Repeat exactly the lines of the records below, starting at the line containing "Syfax Sommier à" and ending at the line containing "Uzay Temalı 60". Leave the pictures out.

EXERCISE INPUT |
================
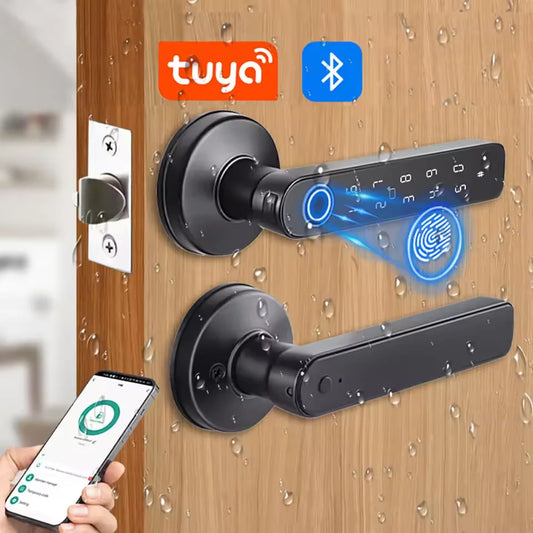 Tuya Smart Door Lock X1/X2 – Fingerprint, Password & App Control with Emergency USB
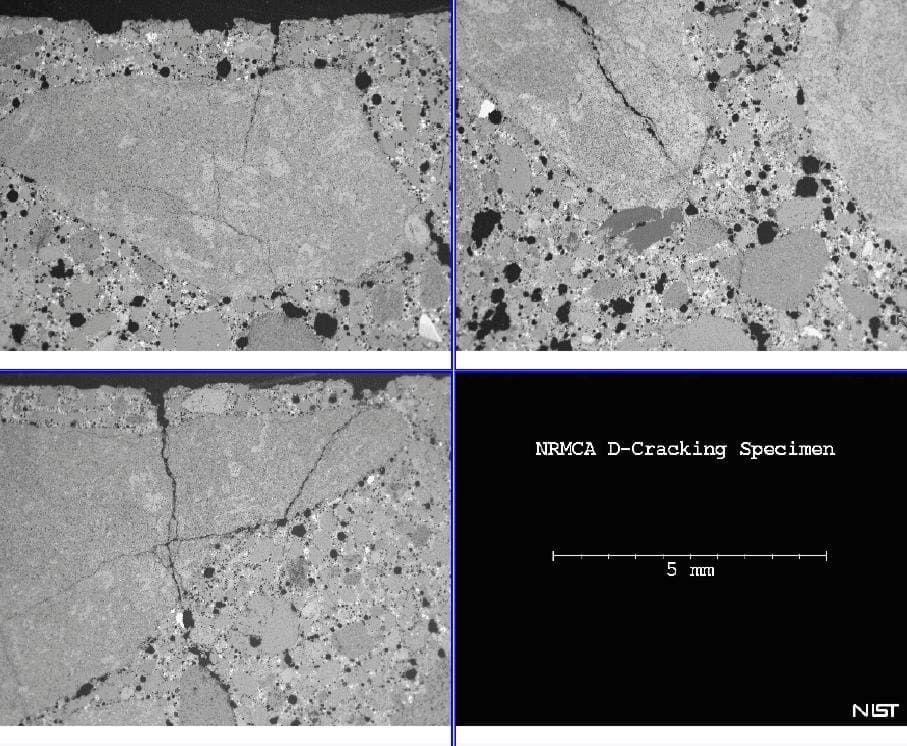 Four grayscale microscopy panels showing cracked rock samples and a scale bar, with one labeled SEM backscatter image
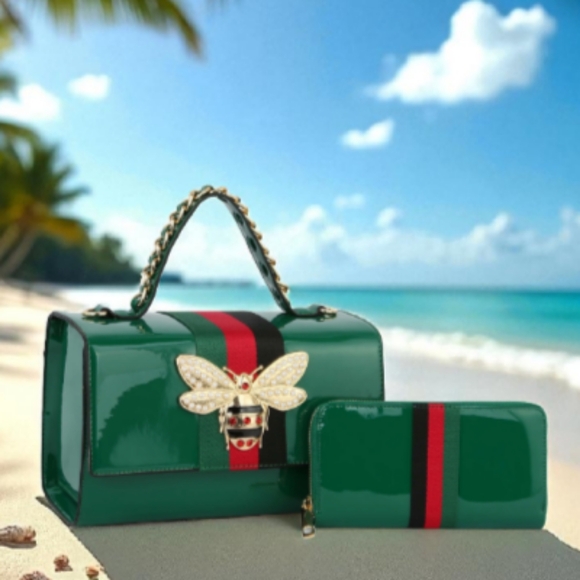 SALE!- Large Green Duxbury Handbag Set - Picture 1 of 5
================
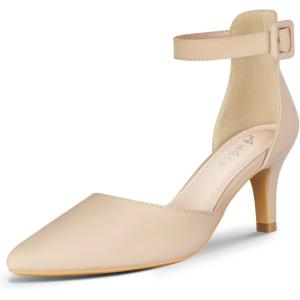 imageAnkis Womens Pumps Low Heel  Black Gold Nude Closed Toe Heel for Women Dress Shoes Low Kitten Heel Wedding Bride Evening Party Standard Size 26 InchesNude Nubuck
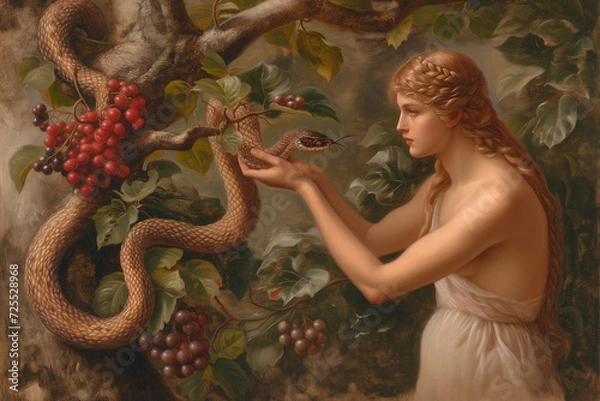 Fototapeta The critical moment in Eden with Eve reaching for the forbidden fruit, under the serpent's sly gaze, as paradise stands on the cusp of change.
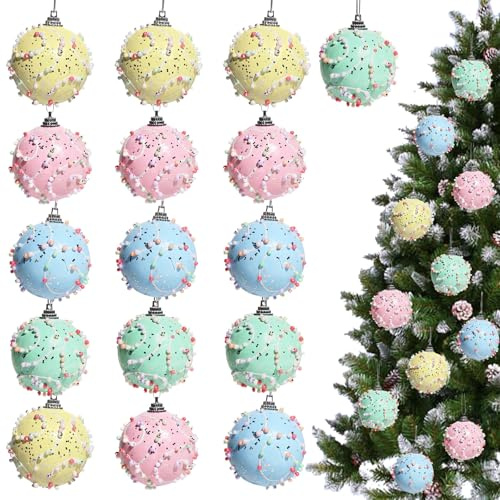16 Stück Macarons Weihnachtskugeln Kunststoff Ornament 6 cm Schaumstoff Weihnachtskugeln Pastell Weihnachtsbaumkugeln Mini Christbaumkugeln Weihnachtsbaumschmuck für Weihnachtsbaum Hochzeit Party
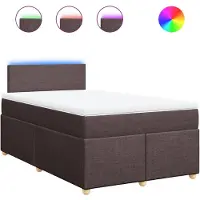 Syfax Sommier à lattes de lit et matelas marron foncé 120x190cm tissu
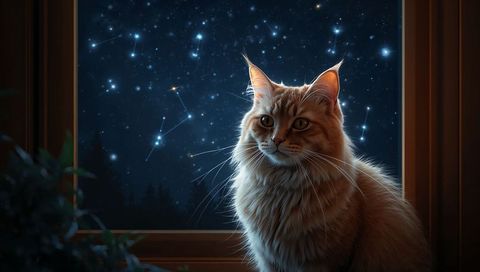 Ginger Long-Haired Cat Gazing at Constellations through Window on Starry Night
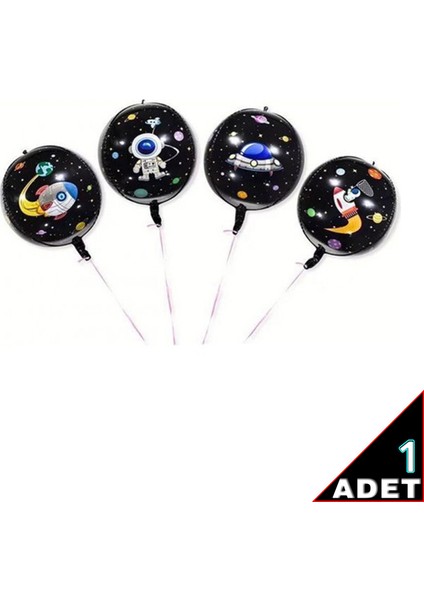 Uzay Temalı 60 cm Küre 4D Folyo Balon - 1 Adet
================
TASK SOLUTION |
 Syfax Sommier à lattes de lit et matelas marron foncé 120x190cm tissu
 Ginger Long-Haired Cat Gazing at Constellations through Window on Starry Night
 Uzay Temalı 60 cm Küre 4D Folyo Balon - 1 Adet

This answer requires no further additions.